Theater and dance critics can’t own the subjects they cover, but a fashion critic can — at least imaginarily — by making a hits compilation as the clothes go by.

If fashion is a storytelling business, it should follow that runway shows are narratives.

Yet they can’t be. For starters, they lack a plot. True, designers can be relied upon to spiel about inspirations, travels or philosophies as a listener’s eyeballs roll back in his head. The truth is that most fashion shows are best consumed, as everything else now is, in fragments. They are elements of an ongoing internal scroll, as continuous, algorithmic and addictive as Instagram reels.

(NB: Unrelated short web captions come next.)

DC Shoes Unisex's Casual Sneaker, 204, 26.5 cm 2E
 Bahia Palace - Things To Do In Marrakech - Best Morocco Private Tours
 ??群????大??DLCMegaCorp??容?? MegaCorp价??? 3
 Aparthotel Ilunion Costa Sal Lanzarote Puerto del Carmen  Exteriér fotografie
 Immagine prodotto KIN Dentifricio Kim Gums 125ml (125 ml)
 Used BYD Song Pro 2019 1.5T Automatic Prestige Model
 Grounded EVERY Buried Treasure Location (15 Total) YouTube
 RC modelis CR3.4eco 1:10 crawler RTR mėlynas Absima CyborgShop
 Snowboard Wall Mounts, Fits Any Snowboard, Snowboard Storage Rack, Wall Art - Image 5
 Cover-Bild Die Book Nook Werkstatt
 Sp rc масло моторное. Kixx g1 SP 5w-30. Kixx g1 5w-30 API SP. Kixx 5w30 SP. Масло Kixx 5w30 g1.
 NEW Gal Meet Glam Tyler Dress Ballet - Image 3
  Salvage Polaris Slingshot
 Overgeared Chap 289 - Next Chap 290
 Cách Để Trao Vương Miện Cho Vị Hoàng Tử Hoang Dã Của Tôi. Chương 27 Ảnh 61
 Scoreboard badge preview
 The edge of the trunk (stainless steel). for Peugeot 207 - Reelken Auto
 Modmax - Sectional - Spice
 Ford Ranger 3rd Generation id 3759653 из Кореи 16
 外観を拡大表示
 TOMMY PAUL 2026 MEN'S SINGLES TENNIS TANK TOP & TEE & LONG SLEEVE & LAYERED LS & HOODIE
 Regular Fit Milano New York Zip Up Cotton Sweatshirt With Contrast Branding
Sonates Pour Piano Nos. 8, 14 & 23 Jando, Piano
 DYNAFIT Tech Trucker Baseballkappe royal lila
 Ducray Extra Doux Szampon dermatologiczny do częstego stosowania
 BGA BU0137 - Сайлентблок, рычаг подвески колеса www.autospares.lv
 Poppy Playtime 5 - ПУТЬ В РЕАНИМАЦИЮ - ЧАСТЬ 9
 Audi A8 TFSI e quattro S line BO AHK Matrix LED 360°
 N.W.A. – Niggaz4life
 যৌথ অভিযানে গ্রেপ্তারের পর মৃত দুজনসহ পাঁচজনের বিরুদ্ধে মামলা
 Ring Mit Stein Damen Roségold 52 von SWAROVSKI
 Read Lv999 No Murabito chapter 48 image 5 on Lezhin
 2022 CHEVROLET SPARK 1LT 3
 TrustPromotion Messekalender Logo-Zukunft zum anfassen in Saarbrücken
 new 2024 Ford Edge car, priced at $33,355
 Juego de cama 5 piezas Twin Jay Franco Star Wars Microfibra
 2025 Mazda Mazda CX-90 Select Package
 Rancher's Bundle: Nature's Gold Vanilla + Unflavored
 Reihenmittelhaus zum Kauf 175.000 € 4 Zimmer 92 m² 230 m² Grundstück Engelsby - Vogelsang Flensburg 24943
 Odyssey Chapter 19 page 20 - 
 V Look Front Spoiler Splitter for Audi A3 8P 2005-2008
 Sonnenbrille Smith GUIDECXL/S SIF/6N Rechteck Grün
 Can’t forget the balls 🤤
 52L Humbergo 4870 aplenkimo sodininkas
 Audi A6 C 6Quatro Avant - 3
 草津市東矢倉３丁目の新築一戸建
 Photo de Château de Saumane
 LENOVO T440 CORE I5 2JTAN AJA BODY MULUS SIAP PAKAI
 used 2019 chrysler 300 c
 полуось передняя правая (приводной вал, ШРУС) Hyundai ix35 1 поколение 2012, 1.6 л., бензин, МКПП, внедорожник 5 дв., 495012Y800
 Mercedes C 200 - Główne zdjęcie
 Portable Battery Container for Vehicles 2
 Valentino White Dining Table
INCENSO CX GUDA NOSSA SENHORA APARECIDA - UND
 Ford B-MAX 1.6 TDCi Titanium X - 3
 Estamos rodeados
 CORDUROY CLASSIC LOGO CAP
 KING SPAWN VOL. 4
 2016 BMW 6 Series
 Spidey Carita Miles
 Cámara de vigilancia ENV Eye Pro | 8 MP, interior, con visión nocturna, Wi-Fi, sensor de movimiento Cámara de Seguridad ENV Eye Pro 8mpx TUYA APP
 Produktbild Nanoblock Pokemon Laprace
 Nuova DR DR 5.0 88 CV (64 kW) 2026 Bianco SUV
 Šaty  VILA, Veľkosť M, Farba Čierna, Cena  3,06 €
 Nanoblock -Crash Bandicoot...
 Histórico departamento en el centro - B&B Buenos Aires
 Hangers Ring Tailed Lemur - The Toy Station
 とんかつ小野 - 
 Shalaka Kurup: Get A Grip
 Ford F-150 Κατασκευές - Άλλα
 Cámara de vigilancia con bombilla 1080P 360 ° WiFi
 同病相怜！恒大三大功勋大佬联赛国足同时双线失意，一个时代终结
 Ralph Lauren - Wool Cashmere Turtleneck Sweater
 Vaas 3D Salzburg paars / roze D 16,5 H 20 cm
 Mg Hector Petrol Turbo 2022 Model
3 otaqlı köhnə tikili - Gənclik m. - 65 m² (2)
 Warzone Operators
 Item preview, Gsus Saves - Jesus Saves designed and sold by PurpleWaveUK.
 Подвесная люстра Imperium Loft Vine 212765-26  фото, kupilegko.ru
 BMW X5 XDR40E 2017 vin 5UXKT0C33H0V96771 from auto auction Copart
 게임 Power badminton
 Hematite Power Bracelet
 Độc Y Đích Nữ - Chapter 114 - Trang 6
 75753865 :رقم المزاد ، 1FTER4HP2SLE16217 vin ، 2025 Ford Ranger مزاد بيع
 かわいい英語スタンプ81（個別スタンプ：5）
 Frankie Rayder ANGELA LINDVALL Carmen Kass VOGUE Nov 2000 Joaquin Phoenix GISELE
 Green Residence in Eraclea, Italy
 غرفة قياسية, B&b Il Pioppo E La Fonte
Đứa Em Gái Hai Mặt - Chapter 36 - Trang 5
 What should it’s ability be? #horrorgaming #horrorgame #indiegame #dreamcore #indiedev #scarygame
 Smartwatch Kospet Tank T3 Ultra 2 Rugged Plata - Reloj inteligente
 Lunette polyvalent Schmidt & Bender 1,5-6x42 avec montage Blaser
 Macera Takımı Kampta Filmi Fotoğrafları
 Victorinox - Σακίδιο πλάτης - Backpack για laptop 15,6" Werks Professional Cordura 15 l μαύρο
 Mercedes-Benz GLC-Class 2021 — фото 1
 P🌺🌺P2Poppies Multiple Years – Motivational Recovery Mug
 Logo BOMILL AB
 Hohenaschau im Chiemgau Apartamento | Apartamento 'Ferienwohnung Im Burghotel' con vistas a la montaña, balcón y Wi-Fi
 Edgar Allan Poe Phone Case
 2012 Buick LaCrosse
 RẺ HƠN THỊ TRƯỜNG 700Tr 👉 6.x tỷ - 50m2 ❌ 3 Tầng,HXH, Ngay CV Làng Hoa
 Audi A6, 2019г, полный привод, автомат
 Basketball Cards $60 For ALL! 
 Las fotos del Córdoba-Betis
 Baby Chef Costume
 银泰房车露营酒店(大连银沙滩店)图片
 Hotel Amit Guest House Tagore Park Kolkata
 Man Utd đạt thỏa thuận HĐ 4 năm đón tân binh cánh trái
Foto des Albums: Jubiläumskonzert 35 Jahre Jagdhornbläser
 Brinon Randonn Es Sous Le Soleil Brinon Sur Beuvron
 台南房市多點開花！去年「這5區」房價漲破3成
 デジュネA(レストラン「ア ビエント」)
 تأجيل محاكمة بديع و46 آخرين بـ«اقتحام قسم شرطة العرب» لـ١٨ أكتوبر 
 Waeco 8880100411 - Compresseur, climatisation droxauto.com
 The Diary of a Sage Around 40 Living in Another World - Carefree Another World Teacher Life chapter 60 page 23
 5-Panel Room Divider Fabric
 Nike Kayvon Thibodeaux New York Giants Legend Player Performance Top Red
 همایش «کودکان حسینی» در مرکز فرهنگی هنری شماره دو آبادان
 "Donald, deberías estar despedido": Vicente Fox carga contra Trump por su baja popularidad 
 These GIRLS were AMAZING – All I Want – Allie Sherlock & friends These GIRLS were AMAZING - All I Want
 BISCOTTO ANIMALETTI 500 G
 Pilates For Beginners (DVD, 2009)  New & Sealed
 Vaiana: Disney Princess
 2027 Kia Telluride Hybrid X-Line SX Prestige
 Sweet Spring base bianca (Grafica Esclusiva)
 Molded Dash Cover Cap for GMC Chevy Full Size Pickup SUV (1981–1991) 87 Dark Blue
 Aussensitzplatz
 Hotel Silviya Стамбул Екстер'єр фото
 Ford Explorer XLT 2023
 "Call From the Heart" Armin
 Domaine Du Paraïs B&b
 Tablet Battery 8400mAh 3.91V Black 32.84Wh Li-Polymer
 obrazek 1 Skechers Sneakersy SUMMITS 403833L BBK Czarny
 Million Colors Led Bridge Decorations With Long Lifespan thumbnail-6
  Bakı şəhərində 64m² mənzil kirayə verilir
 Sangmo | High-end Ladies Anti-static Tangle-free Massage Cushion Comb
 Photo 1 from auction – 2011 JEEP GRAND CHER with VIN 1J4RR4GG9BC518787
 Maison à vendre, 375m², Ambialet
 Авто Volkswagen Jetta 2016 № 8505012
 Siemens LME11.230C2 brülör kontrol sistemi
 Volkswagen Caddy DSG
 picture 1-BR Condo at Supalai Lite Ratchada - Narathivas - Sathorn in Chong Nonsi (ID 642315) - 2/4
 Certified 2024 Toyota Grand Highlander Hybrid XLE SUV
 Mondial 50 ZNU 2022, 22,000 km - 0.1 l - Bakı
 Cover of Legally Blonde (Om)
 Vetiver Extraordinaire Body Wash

That, anyway, is how this critic began viewing the collections in Milan and Paris this season, with the result that the following is best thought of as a mixtape, not anchored to specific nationality or geography or context, random and in some sense impressionistic and probably also solipsistic in the way everything is fundamentally forced to be in an attention economy.

Take Hermès. The designer Véronique Nichanian is anything but a household name, probably not even among those in the economic stratosphere this label was created to serve. So what? She’s as consistently fine as — and in many ways better than — other fixtures in the pantheon of men’s wear, people like Giorgio Armani or Helmut Lang. There is a reason you don’t know her.

“We don’t do marketing,” Axel Dumas, the Hermès chief executive, said at the company’s show. “We don’t even have a marketing department.”

Véronique Nichanian’s jaunty looks for Hermès whispered quiet luxury. Vianney Le Caer/Invision, via Associated Press

Why bother when you are producing jaunty collections for those people whose own initials are enough, as the old Bottega Veneta tagline once held. So-called quiet luxury generally tends to make a racket. Ms. Nichanian’s is a muffled version and whispers wealth.